L’autre figure tutélaire est une entraineur de tennis exerçant dans le club.  Mica qui de temps en temps s’exerçait sur un terrain sera remarqué et quasiment adopté par Sophia (Sabrina Ouazzani), une ex-championne de tennis rentrée au pays. Un retour quasi forcée ; une blessure l’empêchant de continuer son ascension sportive. On revient de l’immigration estropié, amputé de quelque chose. Son retour au pays s’accompagne d’une nouvelle conscience ; elle s’investit avec Mica. Le soutien qu’elle lui apporte lui permettra d’échapper à l’assignation qui lui a été imposée par les rapports sociaux dominants y compris dans un espace « neutre », le sport.
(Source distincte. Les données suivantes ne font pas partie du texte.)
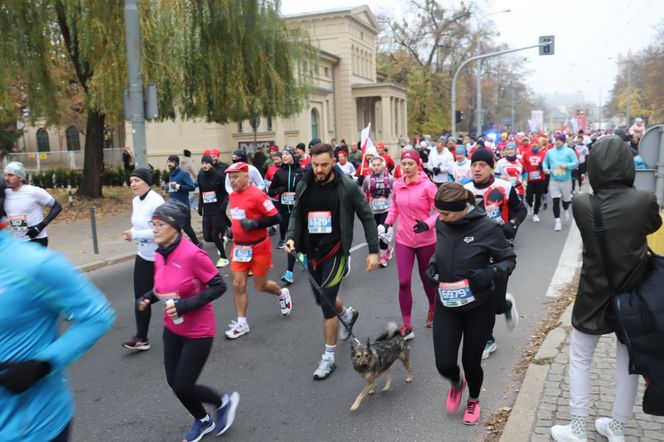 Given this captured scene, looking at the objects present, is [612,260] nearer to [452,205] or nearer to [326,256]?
[452,205]

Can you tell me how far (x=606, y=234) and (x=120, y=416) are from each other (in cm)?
372

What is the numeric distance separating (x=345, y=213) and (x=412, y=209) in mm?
1291

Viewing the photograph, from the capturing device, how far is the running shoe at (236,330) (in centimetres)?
613

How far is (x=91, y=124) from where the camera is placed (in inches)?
682

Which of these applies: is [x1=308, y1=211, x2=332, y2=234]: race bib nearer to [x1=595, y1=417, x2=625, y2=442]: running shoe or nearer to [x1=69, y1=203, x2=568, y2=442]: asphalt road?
[x1=69, y1=203, x2=568, y2=442]: asphalt road

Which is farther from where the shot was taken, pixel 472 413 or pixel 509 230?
pixel 509 230

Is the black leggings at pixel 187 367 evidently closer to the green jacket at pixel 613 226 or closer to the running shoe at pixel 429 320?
the green jacket at pixel 613 226

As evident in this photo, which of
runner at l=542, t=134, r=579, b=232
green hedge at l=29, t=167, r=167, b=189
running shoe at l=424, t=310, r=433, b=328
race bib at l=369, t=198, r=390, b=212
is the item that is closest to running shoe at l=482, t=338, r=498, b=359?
running shoe at l=424, t=310, r=433, b=328

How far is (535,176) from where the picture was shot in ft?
44.7

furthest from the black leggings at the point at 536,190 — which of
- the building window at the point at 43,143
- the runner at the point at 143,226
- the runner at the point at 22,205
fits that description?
the building window at the point at 43,143

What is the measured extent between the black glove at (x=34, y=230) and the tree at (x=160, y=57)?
290 inches

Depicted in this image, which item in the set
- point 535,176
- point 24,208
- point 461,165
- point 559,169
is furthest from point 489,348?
point 535,176

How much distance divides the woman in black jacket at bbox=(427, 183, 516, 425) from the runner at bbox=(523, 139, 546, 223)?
1029cm

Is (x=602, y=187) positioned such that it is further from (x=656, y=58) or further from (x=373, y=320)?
(x=656, y=58) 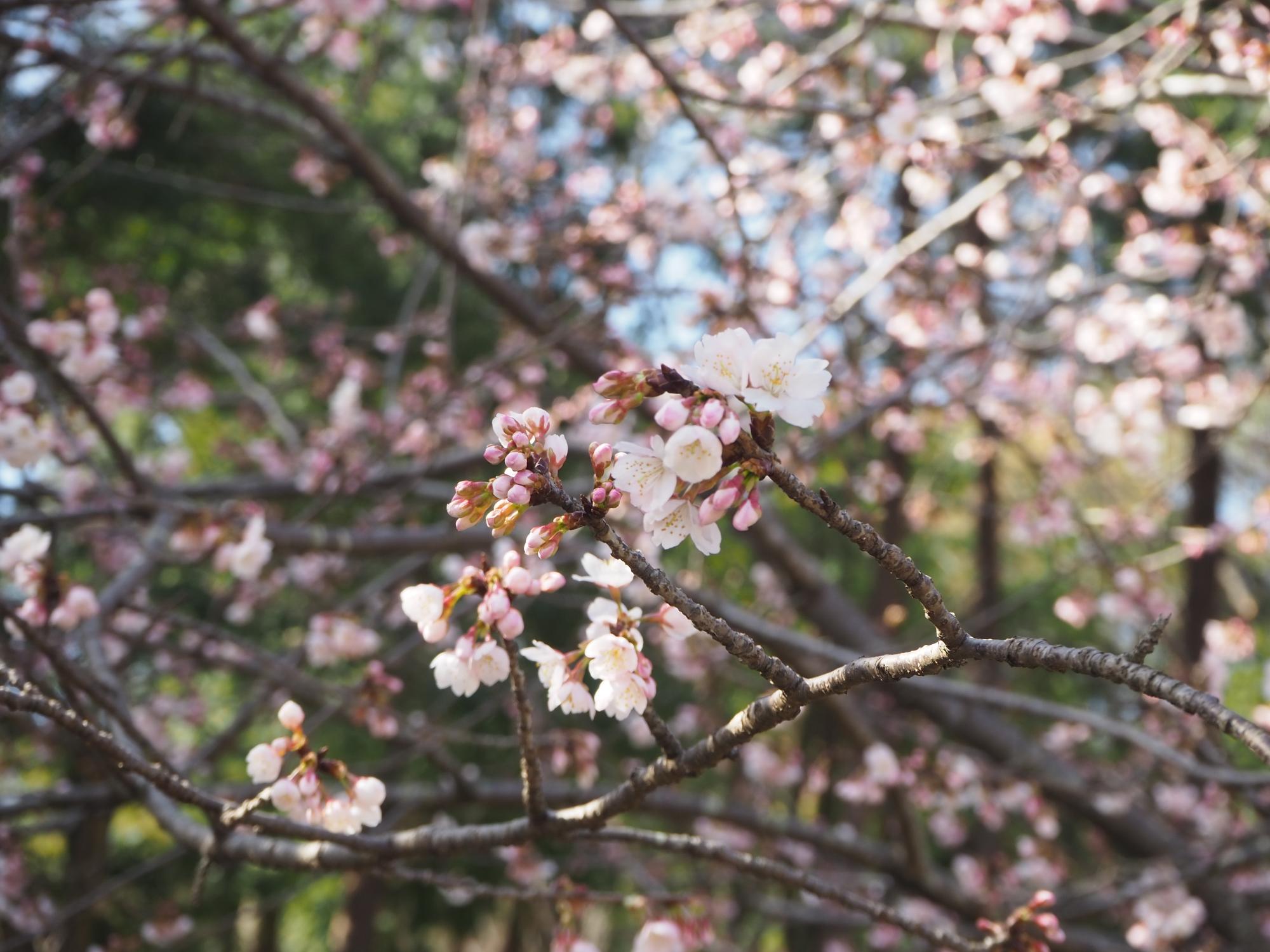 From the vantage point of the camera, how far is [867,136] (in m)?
3.64

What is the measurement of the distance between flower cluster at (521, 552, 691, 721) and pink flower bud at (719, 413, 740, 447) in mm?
263

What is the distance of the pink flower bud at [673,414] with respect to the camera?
93 cm

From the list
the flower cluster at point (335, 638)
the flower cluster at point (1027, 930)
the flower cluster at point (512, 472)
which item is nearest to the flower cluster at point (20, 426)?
the flower cluster at point (335, 638)

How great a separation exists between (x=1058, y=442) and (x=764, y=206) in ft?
6.86

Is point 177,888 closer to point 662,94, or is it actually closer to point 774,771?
point 774,771

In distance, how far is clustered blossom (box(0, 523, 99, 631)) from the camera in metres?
1.84

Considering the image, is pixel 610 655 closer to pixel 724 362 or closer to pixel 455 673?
pixel 455 673

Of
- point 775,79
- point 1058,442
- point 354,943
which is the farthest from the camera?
point 354,943

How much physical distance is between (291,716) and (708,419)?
806mm

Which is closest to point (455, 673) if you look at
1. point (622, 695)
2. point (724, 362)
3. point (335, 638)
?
point (622, 695)

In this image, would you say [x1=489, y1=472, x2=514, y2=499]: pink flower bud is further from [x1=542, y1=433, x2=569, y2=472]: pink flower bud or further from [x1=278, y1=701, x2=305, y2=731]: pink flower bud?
[x1=278, y1=701, x2=305, y2=731]: pink flower bud

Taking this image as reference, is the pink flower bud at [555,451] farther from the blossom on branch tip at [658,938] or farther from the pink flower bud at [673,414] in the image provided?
the blossom on branch tip at [658,938]

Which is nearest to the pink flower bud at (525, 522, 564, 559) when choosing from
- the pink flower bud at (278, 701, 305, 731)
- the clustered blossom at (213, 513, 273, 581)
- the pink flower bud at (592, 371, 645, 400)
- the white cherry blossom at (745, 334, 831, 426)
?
the pink flower bud at (592, 371, 645, 400)

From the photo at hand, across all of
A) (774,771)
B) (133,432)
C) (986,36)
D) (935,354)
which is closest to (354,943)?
(774,771)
A travers ce microcosme spécifique, le film nous indique que les enfants, dont certains feront preuve d’une grande méchanceté à l’égard de cet intrus social, ne sont pas en soi méchants ou gentils mais le prolongement des milieux qui les ont vus naître.

Mica, l’enfant social ne se réduit pas qu’à cela : il y a l’enfant acteur, Zakaria Inane, qui a porté le rôle avec spontanéité et beaucoup de réussite indiquant l’énorme travail accompli en amont par le réalisateur pour mettre le jeune enfant-acteur en symbiose avec le personnage pour que le rôle ne l’écrase pas. Ses gestes, ses regards continuent à dire cette innocence violentée.